◆ **GOAL OF THE EXERCISE**: What is needed is an exact copy of the lines from the one containing "Freeflow 114mm uPVC" through the last line of the records, with no pictures.
:: RECORDS
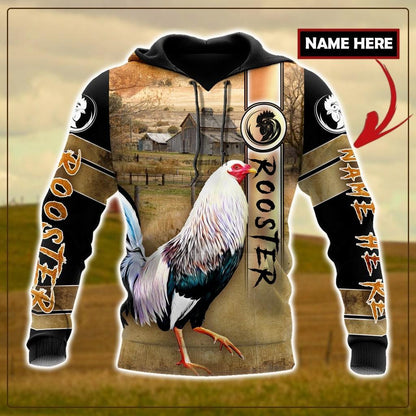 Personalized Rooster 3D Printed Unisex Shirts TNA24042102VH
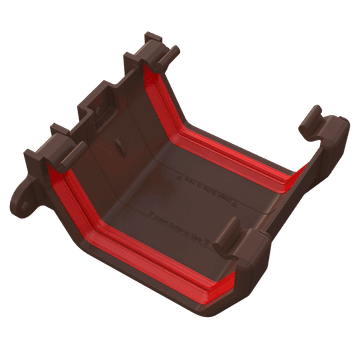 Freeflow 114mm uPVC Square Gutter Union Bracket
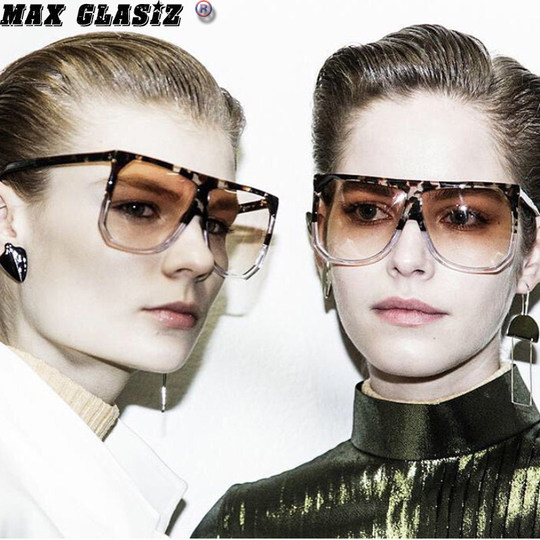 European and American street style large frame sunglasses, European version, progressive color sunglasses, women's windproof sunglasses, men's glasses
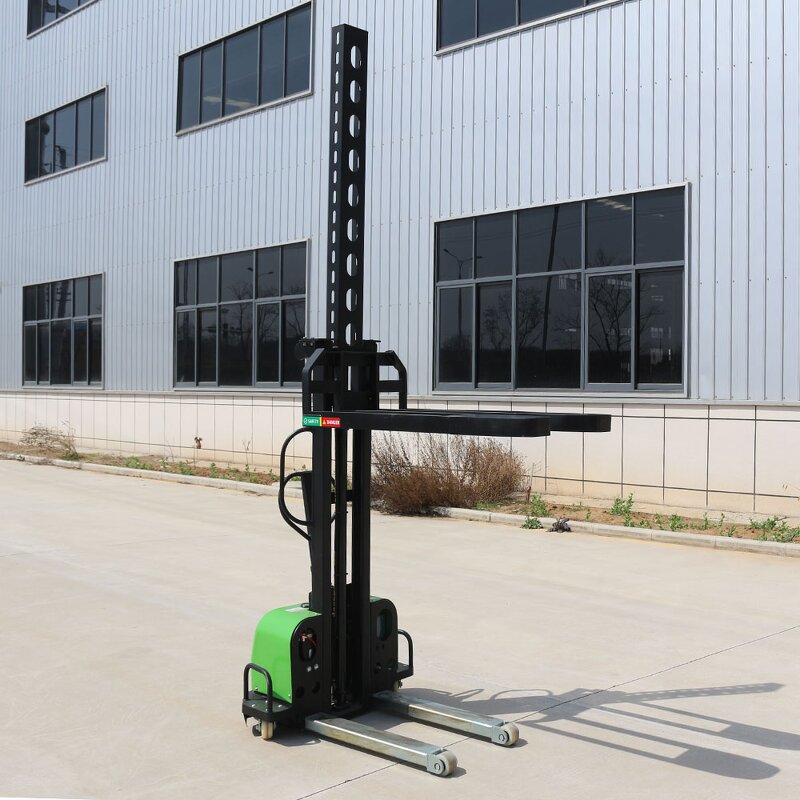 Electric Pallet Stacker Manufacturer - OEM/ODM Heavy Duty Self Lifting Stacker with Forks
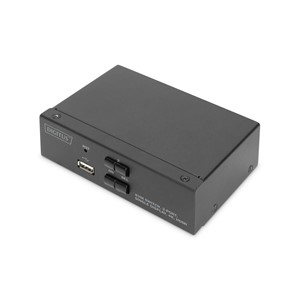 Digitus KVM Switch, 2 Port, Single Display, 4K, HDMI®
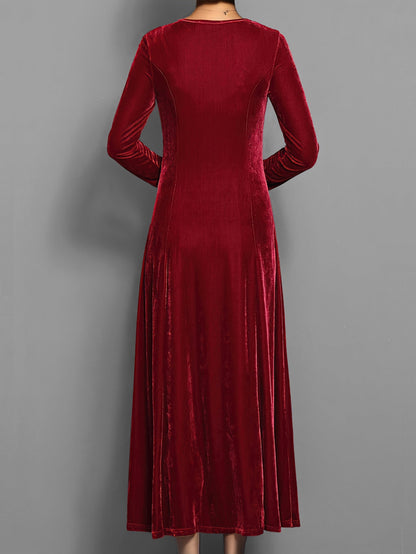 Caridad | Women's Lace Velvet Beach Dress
::::
◆ **ANSWER TO THIS EXERCISE**:
 Freeflow 114mm uPVC Square Gutter Union Bracket
 European and American street style large frame sunglasses, European version, progressive color sunglasses, women's windproof sunglasses, men's glasses
 Electric Pallet Stacker Manufacturer - OEM/ODM Heavy Duty Self Lifting Stacker with Forks
 Digitus KVM Switch, 2 Port, Single Display, 4K, HDMI®
 Caridad | Women's Lace Velvet Beach Dress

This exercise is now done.